Start of INPUT RECORDS
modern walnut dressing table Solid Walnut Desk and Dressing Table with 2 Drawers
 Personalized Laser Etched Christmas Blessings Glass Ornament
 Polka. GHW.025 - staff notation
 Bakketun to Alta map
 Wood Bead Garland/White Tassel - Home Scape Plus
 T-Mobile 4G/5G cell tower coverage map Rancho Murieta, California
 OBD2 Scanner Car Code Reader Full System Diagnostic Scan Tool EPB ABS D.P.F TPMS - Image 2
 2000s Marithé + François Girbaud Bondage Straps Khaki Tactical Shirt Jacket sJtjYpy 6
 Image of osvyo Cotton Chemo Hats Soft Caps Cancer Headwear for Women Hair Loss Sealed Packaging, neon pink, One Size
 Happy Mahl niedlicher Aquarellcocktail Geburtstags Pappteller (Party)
End of INPUT RECORDS
▸ WHAT IS EXPECTED
Return each line of the listing that holds the word "Image".

▸ ANSWER BOX
 OBD2 Scanner Car Code Reader Full System Diagnostic Scan Tool EPB ABS D.P.F TPMS - Image 2
 Image of osvyo Cotton Chemo Hats Soft Caps Cancer Headwear for Women Hair Loss Sealed Packaging, neon pink, One Size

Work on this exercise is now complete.